La photographie animée

The De Bedts Kinetograph (1896), from La photographie animée

The latest publication to enter the Bioscope Library of early film texts freely available online is Eugène Trutat’s La photographie animée. Trutat was the director of the museum of natural history at Toulouse, a naturalist, mountaineer and photographer. He wrote a number of books on photography and discovery, and in 1899 he produced one of the first books to document the new technology of cinematography, in La photographie animée.

It is a book known to the specialist but not as widely cited as say its British counterpart, Henry V. Hopwood’s Living Pictures which was published the same year (and can be found in the Bioscope Library and on the Internet Archive, in its 1915 edition). That may simply be on account of its comparative rarity, and because it is in French. The Internet Archive has triumphantly overcome the rarity hurdle; whether the language remains a challenge is down to the individual. In any case one of the book’s particular riches is its copious illustrations of film technologies, which need no translation.

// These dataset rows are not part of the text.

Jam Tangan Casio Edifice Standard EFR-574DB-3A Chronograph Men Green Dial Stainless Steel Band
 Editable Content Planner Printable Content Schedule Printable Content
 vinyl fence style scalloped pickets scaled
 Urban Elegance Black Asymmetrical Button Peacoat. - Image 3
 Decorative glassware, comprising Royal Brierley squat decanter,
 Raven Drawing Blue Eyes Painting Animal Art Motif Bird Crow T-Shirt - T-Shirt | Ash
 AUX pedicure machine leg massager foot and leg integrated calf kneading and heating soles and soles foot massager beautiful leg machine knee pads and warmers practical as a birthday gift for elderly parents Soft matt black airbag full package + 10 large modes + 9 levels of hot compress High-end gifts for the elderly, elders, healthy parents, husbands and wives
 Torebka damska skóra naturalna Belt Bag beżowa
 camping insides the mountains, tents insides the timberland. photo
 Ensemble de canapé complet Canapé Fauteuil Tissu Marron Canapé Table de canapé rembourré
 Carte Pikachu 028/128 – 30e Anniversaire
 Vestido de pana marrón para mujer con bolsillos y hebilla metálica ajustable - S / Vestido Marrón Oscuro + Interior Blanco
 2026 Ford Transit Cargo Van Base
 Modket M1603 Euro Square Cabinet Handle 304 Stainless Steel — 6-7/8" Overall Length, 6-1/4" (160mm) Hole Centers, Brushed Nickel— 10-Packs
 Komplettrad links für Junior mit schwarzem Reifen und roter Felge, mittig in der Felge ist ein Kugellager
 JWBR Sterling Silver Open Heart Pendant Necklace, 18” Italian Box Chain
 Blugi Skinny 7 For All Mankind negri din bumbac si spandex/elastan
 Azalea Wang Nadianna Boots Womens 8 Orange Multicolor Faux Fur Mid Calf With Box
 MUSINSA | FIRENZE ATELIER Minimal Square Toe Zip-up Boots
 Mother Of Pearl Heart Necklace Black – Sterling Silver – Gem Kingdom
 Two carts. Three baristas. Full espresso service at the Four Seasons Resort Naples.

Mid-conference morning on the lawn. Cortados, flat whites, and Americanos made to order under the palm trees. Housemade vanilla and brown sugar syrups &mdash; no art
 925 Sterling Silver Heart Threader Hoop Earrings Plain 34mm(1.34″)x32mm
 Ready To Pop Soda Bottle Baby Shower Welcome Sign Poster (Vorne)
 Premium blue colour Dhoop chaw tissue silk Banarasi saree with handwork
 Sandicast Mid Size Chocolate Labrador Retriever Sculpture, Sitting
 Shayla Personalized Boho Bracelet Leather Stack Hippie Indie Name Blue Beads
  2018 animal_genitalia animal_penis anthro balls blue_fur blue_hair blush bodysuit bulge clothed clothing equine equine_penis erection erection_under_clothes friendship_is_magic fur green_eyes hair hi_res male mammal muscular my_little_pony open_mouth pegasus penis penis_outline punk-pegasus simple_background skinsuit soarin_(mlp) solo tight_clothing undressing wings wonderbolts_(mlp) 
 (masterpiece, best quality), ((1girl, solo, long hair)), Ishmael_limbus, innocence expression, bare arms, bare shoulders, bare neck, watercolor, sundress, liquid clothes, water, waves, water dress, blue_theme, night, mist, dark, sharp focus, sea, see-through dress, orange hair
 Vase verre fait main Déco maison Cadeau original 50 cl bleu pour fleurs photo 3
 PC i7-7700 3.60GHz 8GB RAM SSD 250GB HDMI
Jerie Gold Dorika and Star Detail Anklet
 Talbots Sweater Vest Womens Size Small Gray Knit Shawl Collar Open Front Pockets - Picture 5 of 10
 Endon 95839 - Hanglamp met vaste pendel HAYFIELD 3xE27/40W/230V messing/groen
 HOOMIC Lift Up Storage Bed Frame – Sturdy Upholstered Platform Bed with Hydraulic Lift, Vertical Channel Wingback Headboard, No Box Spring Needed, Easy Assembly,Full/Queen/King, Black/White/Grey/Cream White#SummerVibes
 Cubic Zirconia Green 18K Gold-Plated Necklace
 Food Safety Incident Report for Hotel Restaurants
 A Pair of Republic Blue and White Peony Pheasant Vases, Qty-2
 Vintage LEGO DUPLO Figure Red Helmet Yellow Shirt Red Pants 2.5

A film winder, from La photographie animée

The main part of the book is a survey of moving image technologies up to 1899, with a particular emphasis on French machines. There is the usual opening thesis on the principles of animated photography and its antecedents found in the ‘pre-cinema’ work of Muybridge, Marey, Londe, Janssen and others. Trutat had a particular interest in multiple-lens cameras, and includes his own invention among those discussed. He then describes the principles and the mechanics of the film devices of Thomas Edison, Georges Demeny, Georges de Bedts, the Lumière brothers and Henri Joly, along with many minor names and technologies now mostly forgotten. For those who have a grasp of such things, Trutat is much given to marking his many illustrations with letters to point out particular mechanical points. It is very much a technician’s book.

He concludes with some practical advice on the production and presentation of films, finishing with a handy list of French patents. So, not a book for everyone, but an invaluable text for the specialist and a fine resource for the iconography of late nineteenth-century motion pictures for the rest of us.